Final answer:
To minimize cost, the optimal order quantity is 100 units per order. The number of orders per year is 3. The maximum inventory level is 100 units.
Step-by-step explanation:
To minimize cost, we can use the Economic Order Quantity (EOQ) formula which is:
EOQ = √(2 * D * S / H)
Where:
EOQ is the Economic Order Quantity
D is the annual demand (250 units)
S is the setup (ordering) cost ($20 per order)
H is the carrying cost per unit per year ($1 per unit per year)
Plugging in the values:
EOQ = √(2 * 250 * 20 / 1) = √(10,000) ≈ 100 units
So, the optimal order quantity is 100 units per order.
Next, we can calculate the number of orders per year with the optimal policy:
Number of orders per year = D / EOQ = 250 / 100 = 2.5 = 3 orders (round to the nearest whole number)
The maximum inventory level can be calculated using the formula:
Maximum inventory level = EOQ = 100 units
The cycle length, or time between orders, when orders are placed using the EOQ quantity is:
Cycle length = 1 / Number of orders per year = 1 / 3 ≈ 0.333 years (or approximately 4 months)

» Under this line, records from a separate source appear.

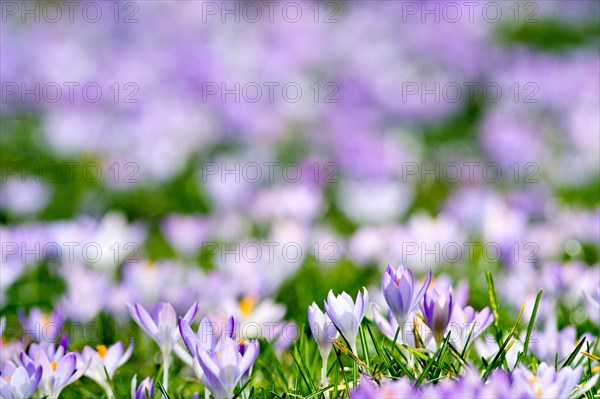 Spring crocus (Crocus Vernus) Munich, Bavaria, Germany, Europe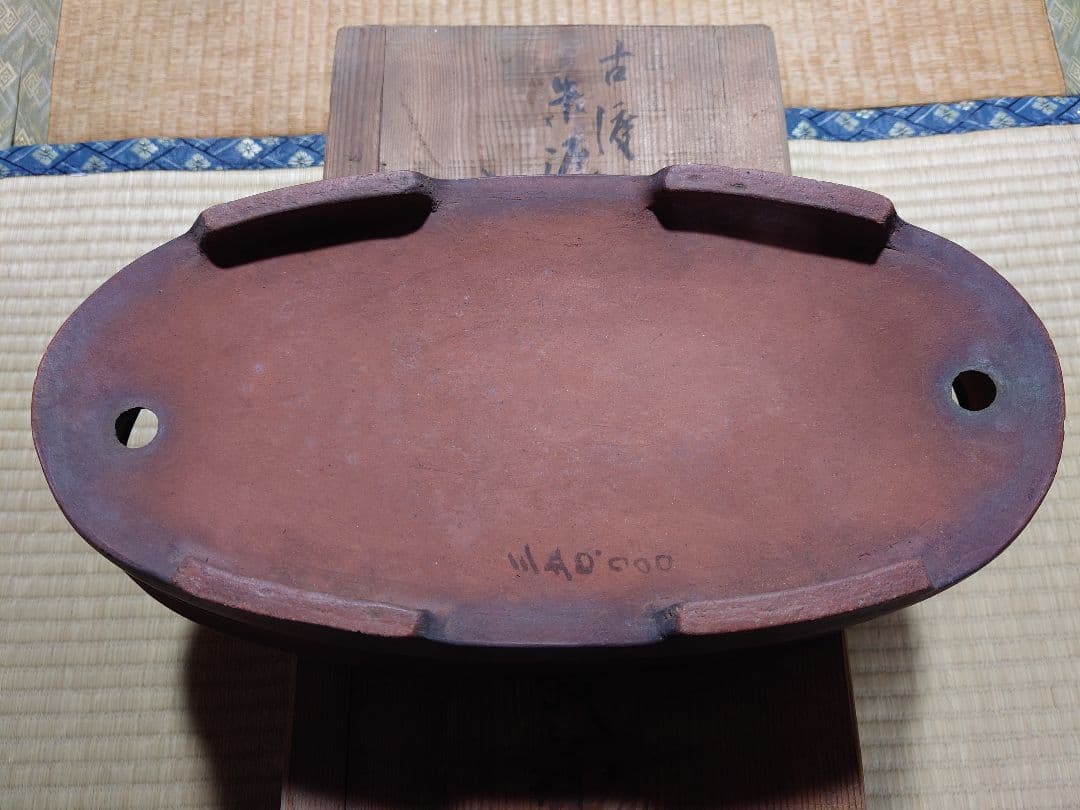 盆栽　鉢　中国　古渡　朱泥楕円形胴紐　幅44.3cm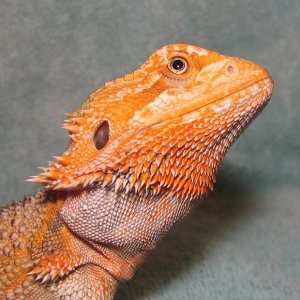R BEARDED DRAGONS LAIR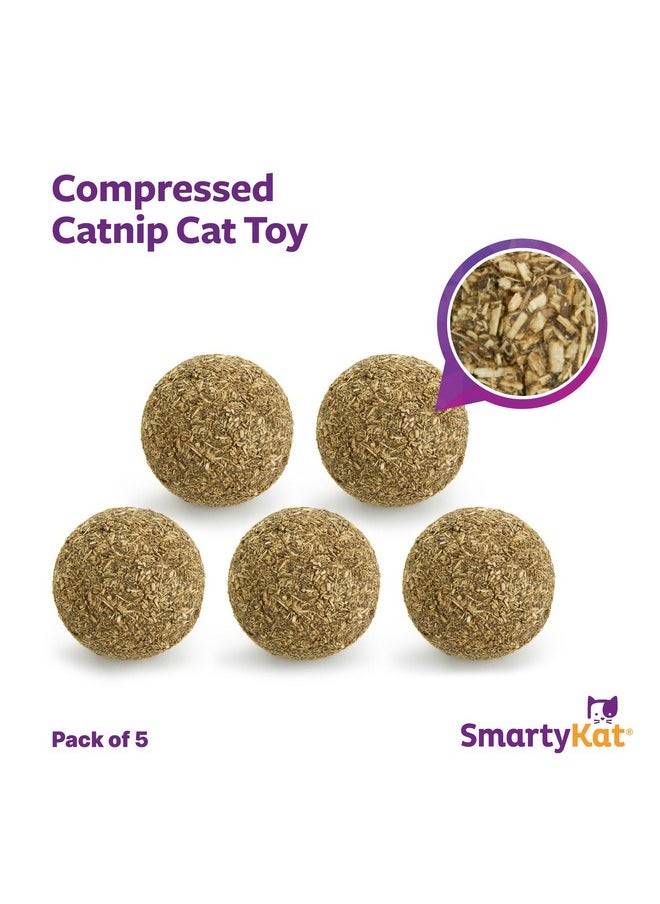 SmartyKat SmartyKat Catnip Kiss Compressed Catnip Ball Toy - Natural, One Size  - Image 4
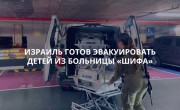 Армия обороны Израиля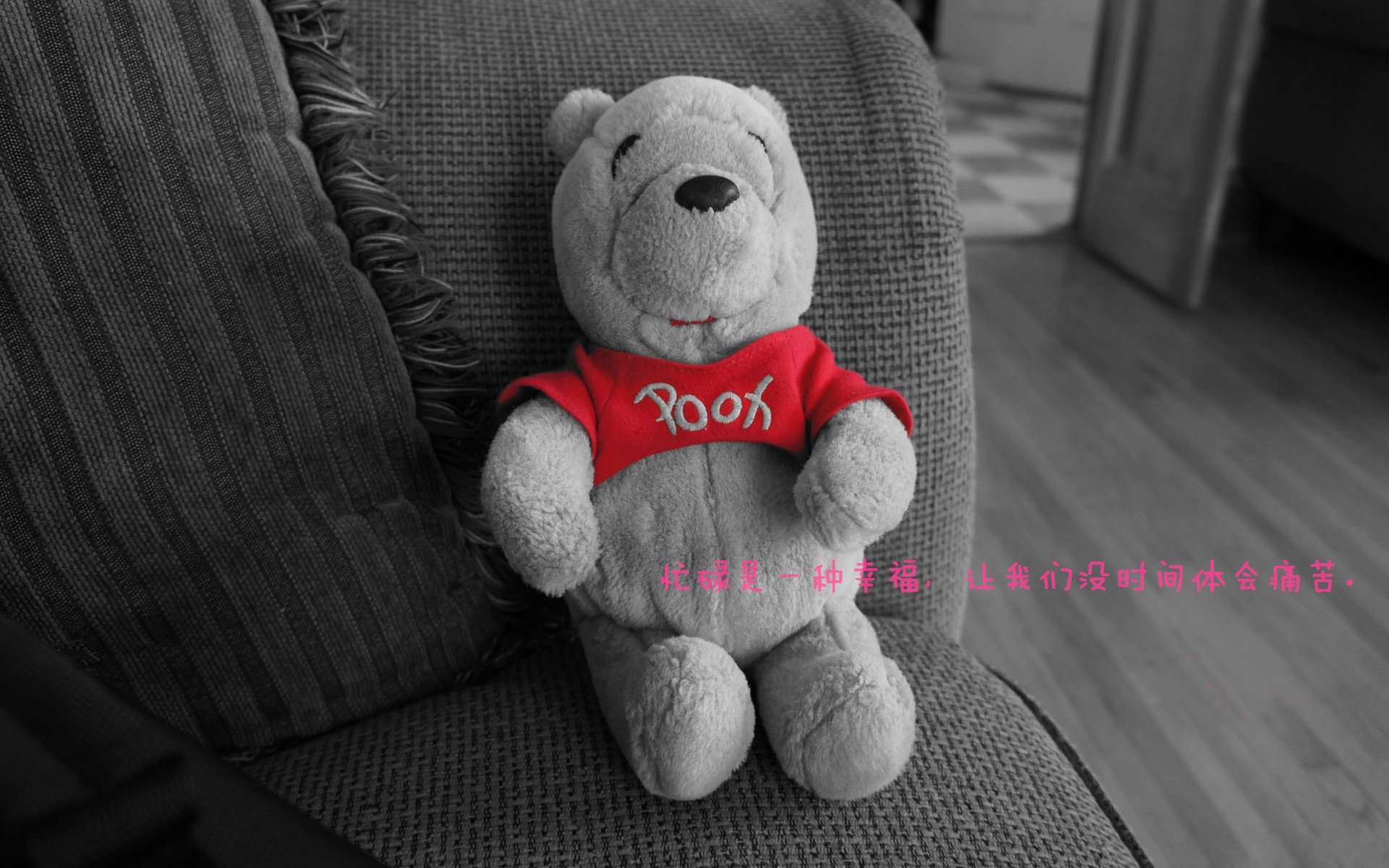 新生与旧王，西亚卡姆一刀封喉，快船绝杀国王启示录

To find the average inventory, we can divide the EOQ by 2:
Average inventory = EOQ / 2 = 100 / 2 = 50 units
If ProTech has been ordering 150 units each time an order is placed, for this order policy (of Q = 150) to be optimal, the ordering (setup) cost would have to be:
Setup cost = (2 * D * S) / Q
Plugging in the values:
20 = (2 * 250 * S) / 150
Solving for S:
S = (20 * 150) / (2 * 250) = 15
So, the ordering (setup) cost would have to be $15 for the order policy of ordering 150 units to be optimal.